Chances are your kids already know he travels around the world one night a year, giving out presents to good boys and girls. They also probably know of his affinity for spending time in shopping malls in the weeks leading up to December 25th. And of course they can appreciate the man’s sweet tooth – who doesn’t love cookies and milk after a long trip down a chimney? But these hard core truths about the man are going to lead to questions as your kids get older, and there’s a few different avenues that you can take to address their curiosities.

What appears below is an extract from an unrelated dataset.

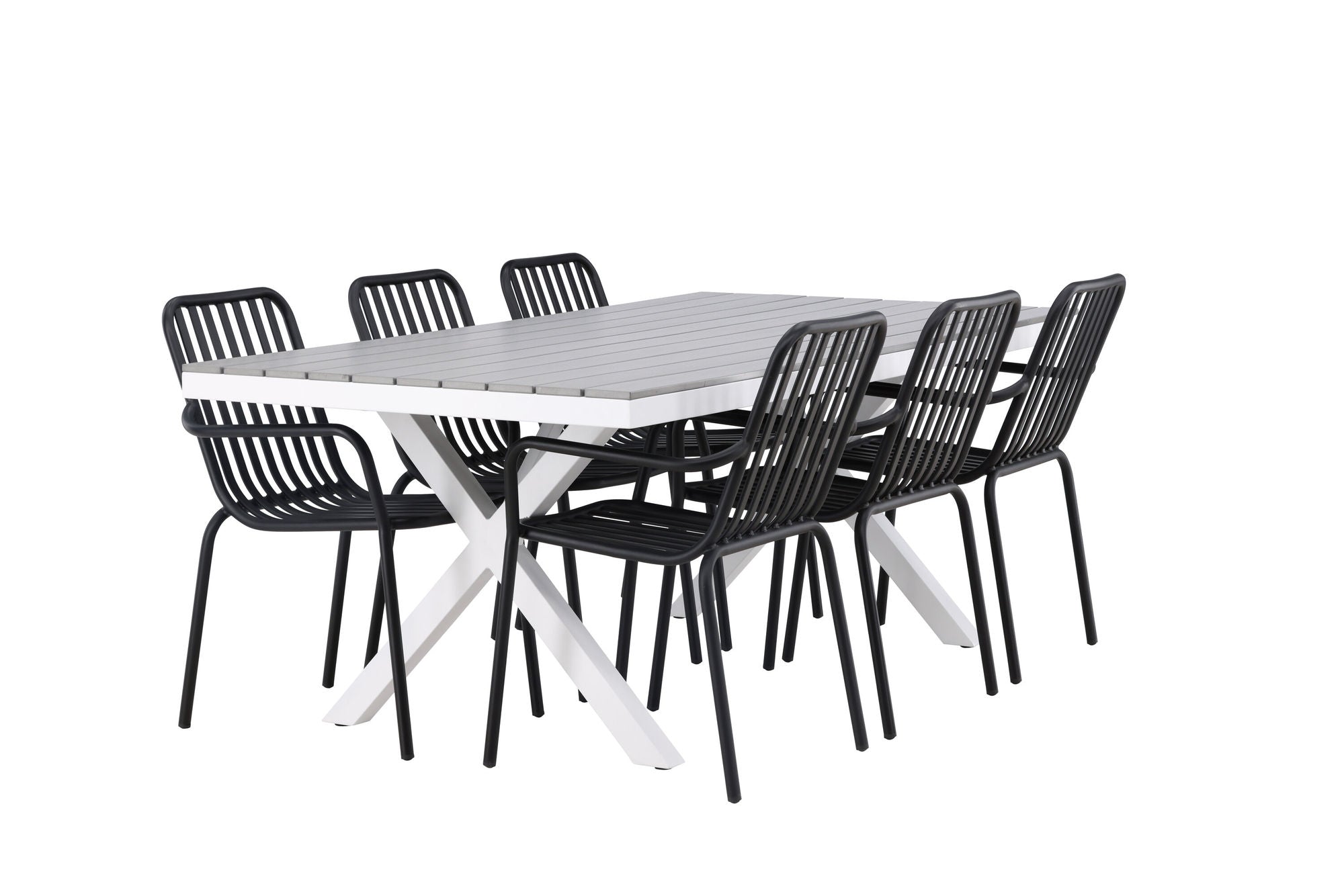 Venture Home Garcia Diningbord Alumnium - White / Light Grey Aintwood / Rectangular 100*200* +Peking Diningchair Aluminium - Black / _6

A lot of articles we read said that most parents stick with the obscure answers, like magic or time travel or complex yoga (when asked about chimneys and physics), and these usually lead to more and more questions every year. While going this path may lead to the “creative answers tight-rope game”, it shows that your children are thinking about the situation and piecing together the feasibility of it all. Research shows that as children begin to really think how Santa Claus does his amazing ride, they begin to figure things out on their own and eventually understand the true nature of Father Christmas.
When children ask about him, you can also side-step by talking about what he stands for, getting them into the Santa spirit! Teaching children about giving, and the joy it brings, shows a fundamental aspect of the holiday season. Many parents help their children become “Secret Santas” for friends and teachers by helping them pick out gifts and wrapping them, while others even help children pick out toys to donate to charities. Throughout these adventures, reminding children how they are just like Santa begins to get the gears turning of what Santa Claus really means this time of year.
Of course there’s always the direct approach, and for that it’s up to parents to decide when and what they should tell a child. This blog does not seek to tamper with anyone’s holiday magic (note the descriptive ambiguity throughout the last few paragraphs), so we’re just going to use this as a jumping board to say that the truth about Santa, the actual honest truth, is that giving is just as wonderful as receiving, and being good (even just for the sake of being good) is important in December as much as it is the other 11 months of the year. Santa Claus is a part of many family’s holiday festivities, and whether family members are about to start Kindergarten or are too old to remember college, it’s important to remember the jolly old man with the rosy red cheeks and a tummy that shakes like a bowl full of jelly
We think Santa would agree.
[Photo courtesy of John Minchillo, AP]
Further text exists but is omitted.